A decisão contraditória é aquela que contem parte que conflitam entre si, ou afirmações que se rechaçam ou anulam. São contraditórias as sentenças em que o dispositivo não mantem coerência logica com a fundamentação, ou que tem duas ou mais partes inconciliáveis, ou que se excluam1.

  1. AUSENCIA DE TEMÁTICA ENTRE AS PROVAS TRAZIDAS AOS AUTOS E A SENTENÇA PROFERIDA – ERROR IN ELIGENDO.

Restou evidenciada a contradição entre a decisão proferida por este r. Juízo Zonal e as provas trazidas aos autos, haja vista que a decisão ora embargada não observou com cautela todas as questões suscitadas na Impugnação, notadamente quanto o disposto na decisão acostada ao ID.14780325, que teria segundo o Impugnado, suspendido os efeitos do Decreto 43/2018 emanado da Poder Legislativo Municipal, o que, à toda evidência, não se verificou.

De logo, há de se considerar, Excelência, que o enfrentamento desse ponto é indispensável para o deslinde da causa, uma vez que, ao que parece, este Juízo proferiu decisão lastreando-se em fundamento completamente distinto do exposto nos autos, sem abordar a pertinência ou não da tese Autoral nesse particular.

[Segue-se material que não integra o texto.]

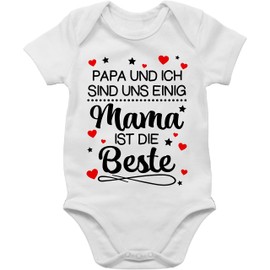 Shirtracer - Baby Bodysuit Boy Girl - Papa und ich sind uns einig Mama ist die Beste, 2 White, 3-6 months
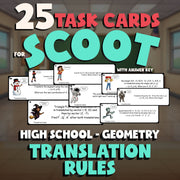 Translation Rules SCOOT TASK CARDS Math Game - No Prep Geometry Review Activity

Mais uma vez, o multicitado processualista argumenta que:

(…)

Será omissa a decisão se houver alguma lacuna, uma falta, algo relevante que deveria ter sido apreciado pelo Juiz e não foi. E a sentença se tiver deixado de apreciar algum ponto relevante, seja referente aos pedidos, seja aos fundamentos da pretensão ou da defesa. Sempre, pois, que deixar de mencionar algo que devia ter sido examinado. Não há necessidade de que o juiz se pronuncie sobre todas as questões suscitadas pelas partes, mas apenas sobre as que tenham alguma relevância para o julgamento. Pode ocorrer que ele deixe de examinar algum fundamento do pedido ou da defesa, por ter admitido outro que, por si só, é suficiente o seu acolhimento ou rejeição. (…) também não haverá omissão se o julgador deixou de pronunciar-se sobre questão de somenos ou que não teria influído no julgamento.

 

  1. DO PREQUESTIONAMENTO DA MATERIA

De tal forma, outra não pode ser a solução exceto a de provocar este Juízo Zonal, a fim de sanar a omissão apontada, decidindo, no caso concreto, se a decisão proferida pelo Desembargador do TJBA, Eminente José Aras, suspendeu os efeitos do Decreto Legislativo 43/2018, que rejeitou as contas da Prefeitura Municipal de Teixeira de Freitas, exercício financeiro de 2015, de responsabilidade do Impugnado, ora embargado. Eventualmente, após análise do fundamento Autoral que se reputa não enfrentado pela decisão embargada, pugna pela concessão de efeitos infringentes aos aclaratórios opostos, com intuito de, modificando o dispositivo decisório, reconhecer a causa de inelegibilidade, e, por consequência, indeferir o pedido de registro de candidatura do Impugnado.

 

  1. DO PEDIDO.

Ex positis, REQUER sejam os presentes embargos de declaração processados, conhecidos e inteiramente providos, para o fim de que sejam sanadas a contradição e a omissão apontadas, considerando que os mesmos possuem também nítido propósito de prequestionamento.

Requer, ainda, em observância ao princípio da eventualidade, seja conferido EFEITOS INFRINGENTES ao recurso ora interposto, para modificando o dispositivo decisório, reconhecer a causa de inelegibilidade, e, por consequência, indeferir o pedido de registro de candidatura do Impugnado.

Termos em que, pede e espera deferimento.

Teixeira de Freitas – BA, 19 de outubro de 2020.

LUCIANO GENNER NOVATO PINTO

 OAB/BA 19.227.”.

Confira íntegra do embargo de declaração apresentado pelo PTB file:///C:/Users/User/Desktop/Fotos%20edi%C3%A7%C3%A3o/EMBARGOS%20DE%20DECLARA%C3%87%C3%83O%20COM%20EFEITOS%20INFRINGENTES%20-%20REGISTRO%20JO%C3%83O%20BOSCO.pdf

Como os embargos tem efeito suspensivo, a candidatura de João Bosco permanece sub judice.